---------- DATA

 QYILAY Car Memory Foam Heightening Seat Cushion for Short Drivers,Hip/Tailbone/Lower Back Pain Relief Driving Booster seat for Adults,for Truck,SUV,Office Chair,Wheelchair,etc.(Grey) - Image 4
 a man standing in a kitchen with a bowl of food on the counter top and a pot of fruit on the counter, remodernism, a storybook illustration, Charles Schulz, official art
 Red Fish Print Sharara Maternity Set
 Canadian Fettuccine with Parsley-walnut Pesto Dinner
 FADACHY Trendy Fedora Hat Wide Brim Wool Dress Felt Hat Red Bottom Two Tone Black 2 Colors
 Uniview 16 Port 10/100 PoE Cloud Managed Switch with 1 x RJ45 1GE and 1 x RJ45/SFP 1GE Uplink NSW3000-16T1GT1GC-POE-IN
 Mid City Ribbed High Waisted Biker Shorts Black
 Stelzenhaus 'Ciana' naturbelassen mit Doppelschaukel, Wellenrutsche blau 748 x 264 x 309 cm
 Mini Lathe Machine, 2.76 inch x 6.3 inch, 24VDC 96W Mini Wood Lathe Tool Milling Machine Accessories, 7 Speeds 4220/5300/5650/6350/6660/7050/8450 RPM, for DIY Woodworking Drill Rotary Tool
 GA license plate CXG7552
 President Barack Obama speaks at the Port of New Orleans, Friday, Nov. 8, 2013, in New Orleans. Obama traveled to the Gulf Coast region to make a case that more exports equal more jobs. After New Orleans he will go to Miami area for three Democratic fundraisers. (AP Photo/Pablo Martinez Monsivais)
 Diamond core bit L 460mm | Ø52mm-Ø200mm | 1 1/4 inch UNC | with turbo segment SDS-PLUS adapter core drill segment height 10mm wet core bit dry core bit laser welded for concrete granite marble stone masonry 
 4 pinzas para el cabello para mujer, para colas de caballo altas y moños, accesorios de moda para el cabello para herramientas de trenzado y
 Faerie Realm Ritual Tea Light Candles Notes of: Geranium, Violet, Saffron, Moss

--------------------

Across the records, count each line that holds the string "Black". Respond with the number only.

**SOLVED PROBLEM:**
2